И все же я не уезжал, не слишком отдавая себе отчет в том, чего дожидался, разве что возвращения в Типасу. Слов нет, это безумие, притом почти всегда наказуемое, – возвращаться в места своей юности и желать заново пережить в сорок лет то, что любил или чем наслаждался в двадцать. Но я был предупрежден. Однажды я уже возвращался в Типасу, тогда прошло совсем немного времени после войны, ознаменовавшей для меня конец юности. Кажется, я надеялся снова обрести там ту свободу, которую не мог забыть. Больше двадцати лет назад я, надо сказать, провел в этом месте много утренних часов, бродя среди руин, дыша полынью, согреваясь на камнях, отыскивая небольшие розовые кусты, цветущие по весне, но быстро осыпающиеся. И только в полдень, когда смолкали даже сомлевшие цикады, я убегал оттуда, не в силах выдержать всепоглощающего жара беспощадного света. Иногда ночью я спал с открытыми глазами под сверкающим звездным небом. Тогда я жил. Спустя пятнадцать лет я вернулся к своим руинам, раскинувшимся у самой кромки воды, я шел по улицам забытого города, заросшего померанцевыми деревьями, на косогорах возвышающихся над бухтой, снова гладил колонны цвета хлебной корки. Но тогда руины были уже обнесены колючей проволокой, и попасть туда можно было только через разрешенные входы. Кроме того, запретили по причинам, кажется, нравственного порядка, гулять там по ночам; а днем всегда дежурил охранник. В то утро, конечно, по чистой случайности, руины накрыло дождем.
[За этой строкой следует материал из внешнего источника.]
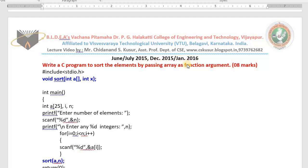I already taught you a C program to sort n values in ascending order by bubble sort technique. I hope you might have remembered it. Otherwise please watch that video first, before seeing this lecture, so that you can understand this program easily.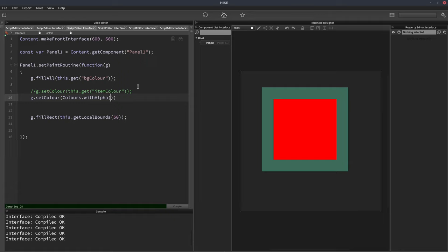And this function takes two parameters. The first parameter is the color. So in our case it's this dot get item color. And the second parameter is the opacity. So if we put one then it's going to be 100% opaque.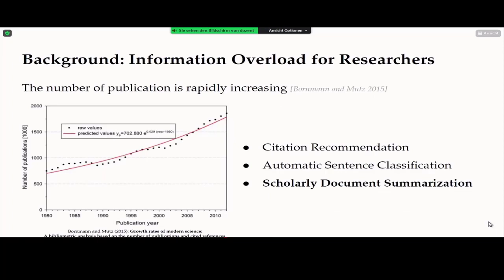Let me start with the background which motivated our project. The number of publications is rapidly increasing over years, becoming a large burden on us. To tackle this problem, there are some applications proposed from computer science and natural language processing — for example, citation recommendation systems, automatic sentence classification, and finally scholarly document summarization, which can compress research papers into shorter texts so researchers can scan over papers more quickly. In this project we focus on scholarly document summarization.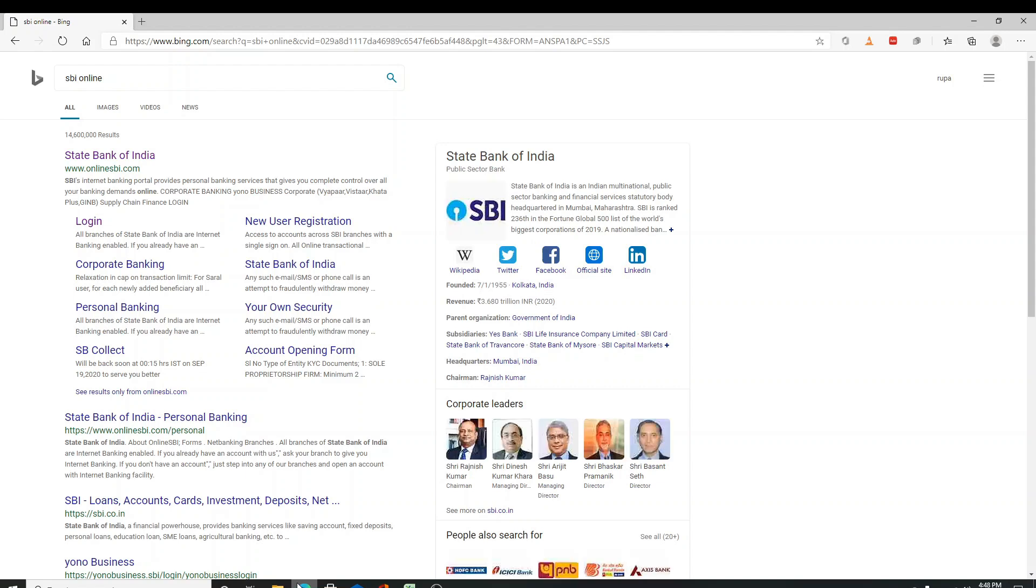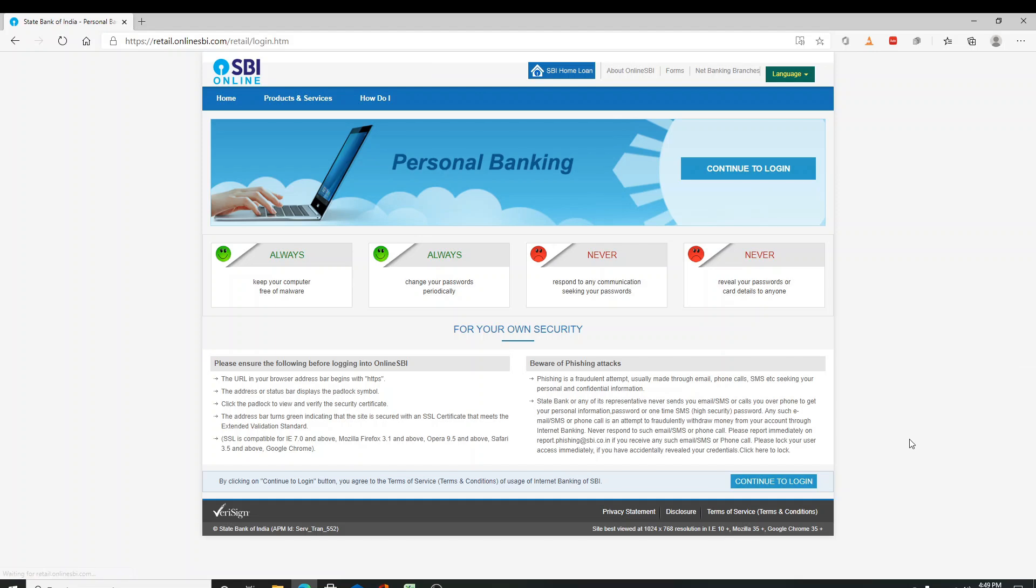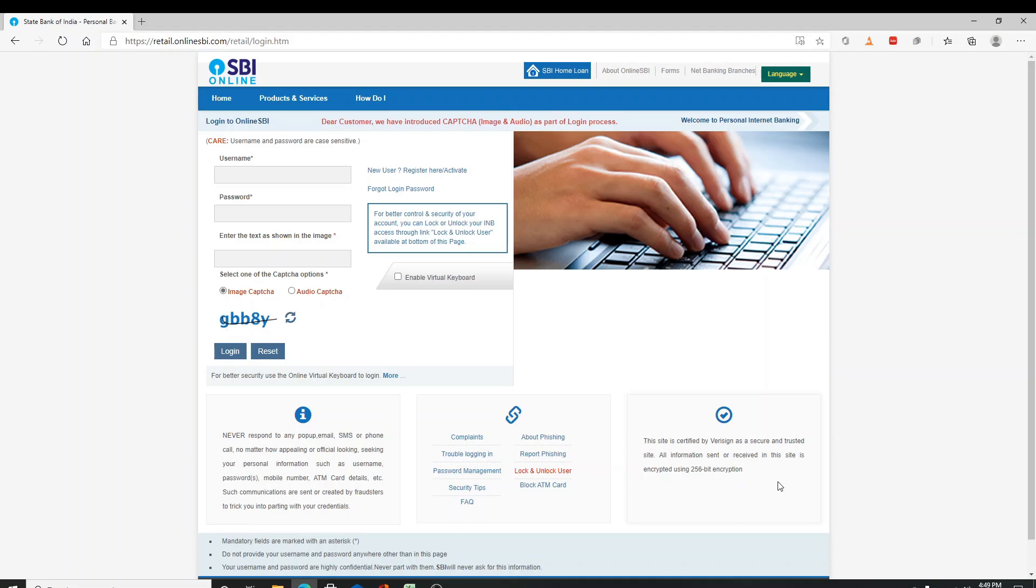From the search results, click on login right here. This is the official page. Click to continue to login in the bottom right corner. Now enter your username and type in the text as shown in the image.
Сбившись с пути, шагая по пустынной и промокшей округе, я пытался хотя бы обрести ту силу, до сих пор не изменявшую мне, которая помогает принять то, что есть, когда признаешь, что не в состоянии ничего изменить. Да и как я мог повернуть реку времени, придать миру тот лик, который любил когда-то и который исчез в один день, задолго до этого дня. 2 сентября 1939 года я не отправился в Грецию, как планировал. Война сама пришла к нам, а затем накрыла и Грецию. Это расстояние, эти годы, которые отделяли теплые камни от колючей проволоки, я находил в тот день и в себе, стоя перед саркофагами, полными черной воды, или под вымокшим тамариском. Изначально воспитанный в созерцании красоты, бывшей моим единственным богатством, я начинал с полноты восприятия. Затем наступило время колючей проволоки, я имею в виду тиранию, войну, полицию, время бунта. Пришлось урегулировать свои отношения с мраком: красота дня превратилась в воспоминание. В утопающей в грязи Типасе воспоминание блекло. Какая там красота, полнота восприятия и юности! В свете пожарищ мир внезапно обнажил свои морщины и раны, застарелые и новые. Он разом постарел, и мы вместе с ним. Я знал, что тот порыв, за которым явился сюда, способен увлечь только того, кто не ведает о том, что будет увлечен им. Не бывает любви без капли невинности. А где эта невинность? Рушились империи, нации, и солдаты вцеплялись друг другу в глотки. Наши уста были осквернены. Первоначально, сами того не ведая, невинные, мы становились виновными против собственной воли: тайна росла вместе с нашим опытом. Вот отчего мы интересовались – смешно! – нравственностью. Став калекой, я мечтал о добродетели! А раньше, в эпоху невинности, я не ведал о существовании нравственности. Теперь я знал об этом и не был способен жить на такой высоте. На том мысе, прежде мне милом, между мокрых колонн разрушенного храма, возникло ощущение, что я иду за кем-то, чьи шаги еще раздаются по плитам и мозаикам, но кого мне уже никогда не догнать. Я уехал в Париж и несколько лет оставался там, прежде чем вернулся к себе.